Subject: | Re: [socialcredit] Re: Article by Richard Cook | Date: | Monday, December 24, 2007 10:25:09 (-0700) | From: | Martin Hattersley <jmartinh @....ca>
|
In reply to: | Message 5181 (written by Joe Thomson) |
Alberta's Social Credit Government, thinking always in terms that what was
physically possible should be made financially possible, spent an enormous
amount of effort in trying to find a method to "unlock" the tar sands before
processes were developed to do this. The fact that the oil was there was
well known for a long time: the difficulty was, and still is, how to find an
economical way to extract it.
Until oil prices rose, and conventional oil became harder to extract, the
whole business of developing production from the oil sands in this very
remote region wasn't economic, and I have never seen much evidence of US
firms pushing their way in. Now, of course, they are much more interested,
not only in the production, but in doing the processing in the US - again,
for the purpose of giving their people jobs!
Martin Hattersley, 5929-189 St.,
EDMONTON AB CANADA T6M 2J1
Phone (780) 483-5442
e-mail <jmartinh@shaw.ca>
----- Original Message -----
From: "Joe Thomson" <thomsonhiyu@shaw.ca>
To: <socialcredit@elistas.com>
Sent: Sunday, December 23, 2007 10:28 AM
Subject: Re: [socialcredit] Re: Article by Richard Cook
Hi Bill (McGunnigle),
No, I wouldn't say that's quite correct, Bill.

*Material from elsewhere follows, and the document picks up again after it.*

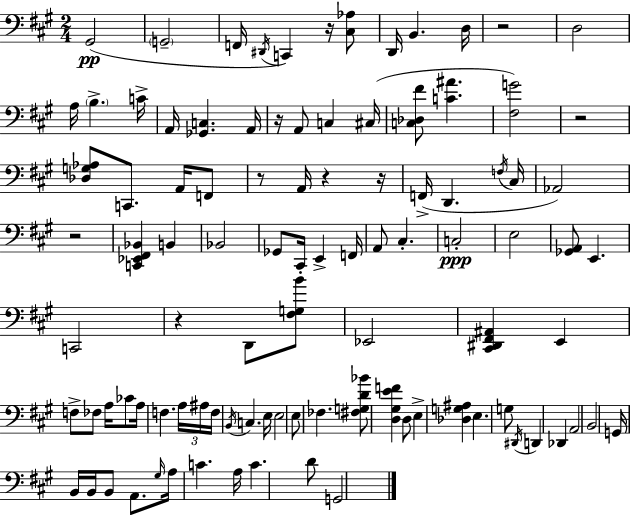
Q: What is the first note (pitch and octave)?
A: G#2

To my knowledge, there
wasn't too much 'urging' on the part of the US for Canada to develop the
Alberta tar sands.
As I recall, and maybe some of those on this List who are residents of
Alberta and closer to the situation than I am can correct me if I'm wrong,
there had to be some pretty hefty inducements and investments on the part of
Canadian government(s) to even interest the oil companies to go ahead.
It is not, so far as I'm aware, a very 'cheap' process to extract this oil.
The attraction for Canada, and Alberta, seems to me to be the same
attraction that drives most of the decisions made regarding any resource
exploitation ~ "jobs". Our politicos would sell their souls to the Devil
himself so long as those job creation numbers are rising under their watch.
To say that the USA " wants to preserve its own indigenous oil stocks", and
use up ours and Mexicos instead doesn't really seem to wash either. So far
as I know, there is a considerable portion of Alaskan oil production that's
exported to Japan. I do believe there are considerable proven potential oil
deposits yet to come on stream in all three countries. And even more
areas, at least so far as Canada is concerned, and probably the USA, too,
where oil exploration hasn't been yet even undertaken.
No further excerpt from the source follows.